Inhibitors of receptor-mediated endocytosis block the entry of Bacillus anthracis adenylate cyclase toxin but not that of Bordetella pertussis adenylate cyclase toxin.

作者信息

Gordon V M, Leppla S H, Hewlett E L

机构信息

Department of Pharmacology, University of Virginia School of Medicine, Charlottesville 22908.

出版信息

Infect Immun. 1988 May;56(5):1066-9. doi: 10.1128/iai.56.5.1066-1069.1988.

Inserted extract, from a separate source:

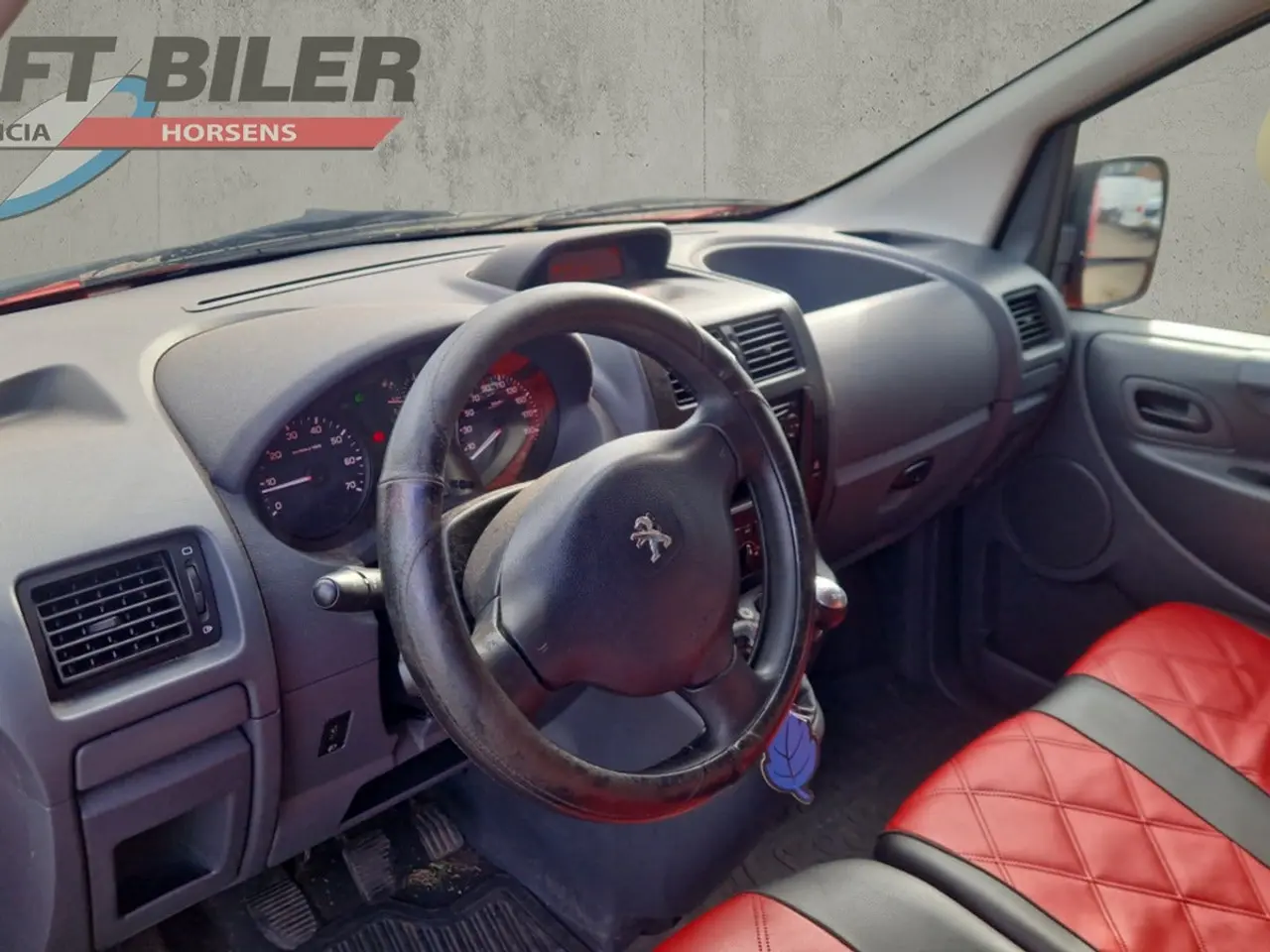 Billede 14 - Peugeot Expert 2,0 HDi 128 L1H1 Van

DOI:10.1128/iai.56.5.1066-1069.1988
PMID:2895741
原文链接:https://pmc.ncbi.nlm.nih.gov/articles/PMC259763/
Abstract

Bordetella pertussis and Bacillus anthracis produce extracytoplasmic adenylate cyclase toxins (AC toxins) with shared features including activation by calmodulin and the ability to enter target cells and catalyze intracellular cyclic AMP (cAMP) production from host ATP. The two AC toxins were evaluated for sensitivities to a series of inhibitors of known uptake mechanisms. Cytochalasin D, an inhibitor of microfilament function, abrogated the cAMP response to B. anthracis AC toxin (93%) but not the cAMP response elicited by B. pertussis AC toxin. B. anthracis-mediated intoxication of CHO cells was completely inhibited by ammonium chloride (30 mM) and chloroquine (0.1 mM), whereas the cAMP accumulation produced by B. pertussis AC toxin remained unchanged. The block of target cell intoxication by cytochalasin D could be bypassed when cells were first treated with anthrax AC toxin and then exposed to an acidic medium. These data indicate that despite enzymatic similarities, these two AC toxins intoxicate target cells by different mechanisms, with anthrax AC toxin entering by means of receptor-mediated endocytosis into acidic compartments and B. pertussis AC toxin using a separate, and as yet undefined, mechanism.

摘要

百日咳博德特氏菌和炭疽芽孢杆菌产生胞外腺苷酸环化酶毒素(AC毒素),它们具有共同特征,包括被钙调蛋白激活以及进入靶细胞并催化从宿主三磷酸腺苷(ATP)产生细胞内环状单磷酸腺苷(cAMP)的能力。对这两种AC毒素进行了一系列已知摄取机制抑制剂的敏感性评估。细胞松弛素D是一种微丝功能抑制剂,它消除了对炭疽芽孢杆菌AC毒素的cAMP反应(93%),但没有消除百日咳博德特氏菌AC毒素引发的cAMP反应。氯化铵(30 mM)和氯喹(0.1 mM)完全抑制了炭疽芽孢杆菌介导的对中国仓鼠卵巢(CHO)细胞的中毒作用,而百日咳博德特氏菌AC毒素产生的cAMP积累保持不变。当细胞先用炭疽AC毒素处理,然后暴露于酸性培养基中时,细胞松弛素D对靶细胞中毒的阻断作用可以被绕过。这些数据表明,尽管这两种AC毒素在酶学上有相似之处,但它们通过不同机制使靶细胞中毒,炭疽AC毒素通过受体介导的内吞作用进入酸性区室,而百日咳博德特氏菌AC毒素则使用一种单独的、尚未明确的机制。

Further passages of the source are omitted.